The opening track of her groundbreaking A One Man Show, Grace’s moody and radical reinterpretation turned out to be the fourth of a mighty seven singles hived off the album of the same name, pre-dating the more-is-more rinsing formula of Michael Jackson’s Thriller three years early, and was the first track recorded with Sly & Robbie’s Compass Point All-Stars, which showcased an alluring, propulsive new sound that incorporated new- wave, funk, art-rock and reggae.

Also featuring reimagines of songs by the Pretenders, Roxy Music, Tom Petty and Joy Division, this is really where we get the Grace Jones as the world would recognise her, and a much more visually interesting and commercially successful artist. Grace only enjoyed moderate returns with her first three LPs, although she had already started building up a healthy gay following. Warm Leatherette demonstrated a complete visual and musical reinvention. The original cover art was designed by her then boyfriend and most notable visual collaborator, the French designer photographer Jean-Paul Goude. This gave us the first glimpse of her androgynous android look. It shows the fearsome one cross legged with her arms folded and her signature severe flat-top haircut.

Warm Leatherette is a “post-punk pop” album that delved into the worlds of disco, reggae and funk much more successfully than most of her ‘alternative’ contemporaries, while still retaining a blank-eyed alienation that was more reminiscent of David Bowie or Ian Curtis than most of her peers.” John Doran, BBC Music

Demolition Man (1981)

“Demolition Man is the beast – he can’t help himself, he has to destroy. That’s part of me. I’m actually very destructive. I can also be creative, but that is half of me.” – Sting, 1981

Demolition Man was described by its author Sting as “destructive pathology”, and was written by the Police frontman whilst staying in the house of actor and inveterate drinker Peter O’Toole in Ireland. The actor liked the lyrics especially “I’m a three-line whip, I’m the sort of thing they ban” which refers to a British parliamentary term for an emergency vote at Westminster.

Starting out as a solo demo left unrecorded, Gordie the Geordie gave it to Grace when she was looking for material for her landmark fifth album Nightclubbing, the one featuring not only the brilliant Bowie/Iggy Pop title track but now classic cuts supplied by Bill Withers, Marianne Faithfull, and Flash And The Pan, as well as the self-written masterpiece that is Pull Up To The Bumper.

With its boastful lyrics set to relentless Suicide-esque synths Demolition Man was perfect for Grace’s cyberborg style. Whilst it may not have been overly popular at the time, it has since become one of her signature songs and one that many people know her for. 

The video above from the coveted A One Man Show helped greatly. Grace looks stylish and beautiful and then the dancers marching with Grace Jones masks on is just an amazing image.
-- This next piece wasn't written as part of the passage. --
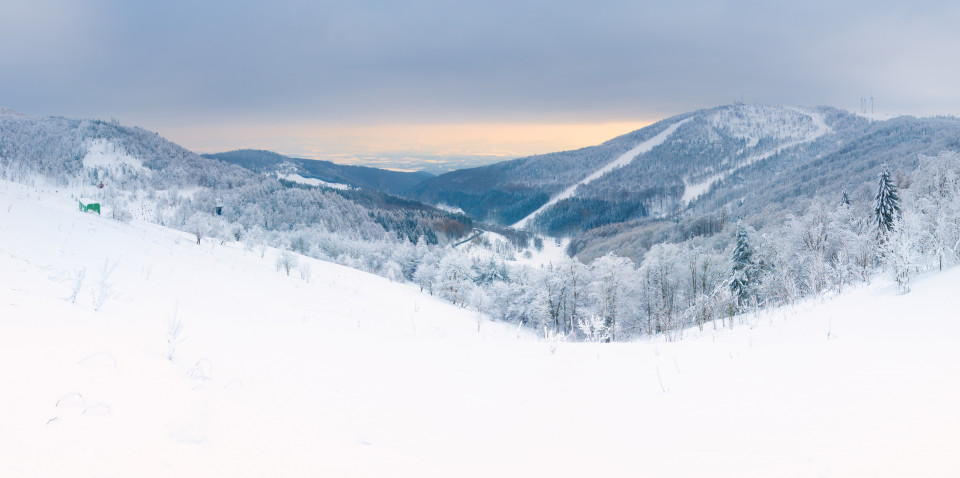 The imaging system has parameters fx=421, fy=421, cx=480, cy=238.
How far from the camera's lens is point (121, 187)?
12106cm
You can tell she loves performing, and here she communicates that she is strong, dangerous, and not to be messed with. Grace loves playing this character so much that I’m sure it leaves the stage with her at times.

You could take the lyrics and make them quite apologetic, a warning of something you have no control over. Grace doesn’t take that angle. From her, it’s a great Fuck you, get out of my way song. I’m sure lots of people have days that they would love to don a Grace Jones mask (where do I get one of those?) and march through the streets dropping some of these lyrics as a warning for anyone that gets in their way.
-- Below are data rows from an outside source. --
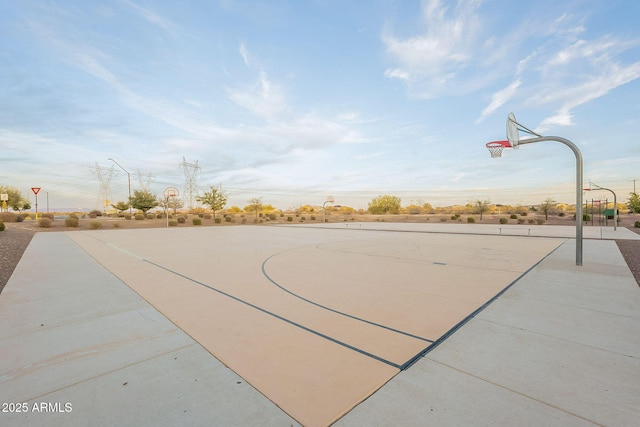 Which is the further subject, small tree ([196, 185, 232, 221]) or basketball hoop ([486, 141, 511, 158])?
small tree ([196, 185, 232, 221])

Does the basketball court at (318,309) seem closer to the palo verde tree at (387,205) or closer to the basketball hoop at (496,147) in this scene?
the basketball hoop at (496,147)

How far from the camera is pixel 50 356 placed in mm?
2834

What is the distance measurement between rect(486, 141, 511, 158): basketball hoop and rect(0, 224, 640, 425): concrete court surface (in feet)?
14.0

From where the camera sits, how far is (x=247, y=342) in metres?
3.11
I’m a walking nightmare, an arsenal of doom
I kill conversation as I walk into the room
I’m a three line whip I’m the sort of thing they ban
I’m a walking disaster, I’m a demolition man”
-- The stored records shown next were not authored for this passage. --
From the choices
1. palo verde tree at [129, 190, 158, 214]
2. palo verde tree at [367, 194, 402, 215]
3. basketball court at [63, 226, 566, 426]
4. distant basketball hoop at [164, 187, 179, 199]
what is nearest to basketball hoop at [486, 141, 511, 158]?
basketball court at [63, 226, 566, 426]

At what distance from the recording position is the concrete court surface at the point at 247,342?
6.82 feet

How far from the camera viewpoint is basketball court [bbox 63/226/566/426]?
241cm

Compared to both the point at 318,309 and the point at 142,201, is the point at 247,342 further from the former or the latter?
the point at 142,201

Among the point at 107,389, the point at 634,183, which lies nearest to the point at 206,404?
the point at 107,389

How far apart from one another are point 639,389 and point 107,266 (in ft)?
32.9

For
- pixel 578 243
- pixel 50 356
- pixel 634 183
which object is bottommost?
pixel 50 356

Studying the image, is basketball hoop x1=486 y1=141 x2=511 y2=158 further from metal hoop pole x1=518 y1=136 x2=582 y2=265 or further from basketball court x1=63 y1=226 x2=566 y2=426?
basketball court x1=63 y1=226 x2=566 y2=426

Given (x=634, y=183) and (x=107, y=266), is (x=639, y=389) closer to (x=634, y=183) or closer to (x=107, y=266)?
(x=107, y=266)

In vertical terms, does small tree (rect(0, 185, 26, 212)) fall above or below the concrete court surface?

Buoyed by Grace’s striking machine-funk treatment, The Police got around to recording Demolition Man a few months later, appearing on their 1981 album Ghosts In The Machine where the band’s guitarist Andy Summers claims they made the definite version:

“It’s a very simple song. We listened to the Grace Jones version and thought ‘Shit, we can do it much better than that.’ It was a one-take job. To me, our version is more ballsy, which is what you’d expect from Grace Jones.”

Conversely, Charles Shaar Murray in rock inkie the NME wrote in his review that he preferred the state of Grace, complaining that the Police’s jazzy rock “rendition of the song pretty much is a ‘walking disaster’: Summers plays an extended heavy metal solo all the way through the song, and, well, I thought my razor was dull until I heard the bass line.” Miaow!

Nipple To The Bottle (1982)

Grace was on a roll by now, and this was issued in tandem with her rise as a move actress. Though sixth album Living My Life didn’t do as well as Nightclubbing in the charts its lead single was a success, reaching the top 20 on Billboard R&B dance charts. It did even better in far-flung New Zealand, where it got to No. 3. Nipple To The Bottle was written by Grace with Sly Dunbar, and the single cover used iconic images of the dancers in Grace masks from her performance of Demolition Man in A One Man Show, as mentioned above.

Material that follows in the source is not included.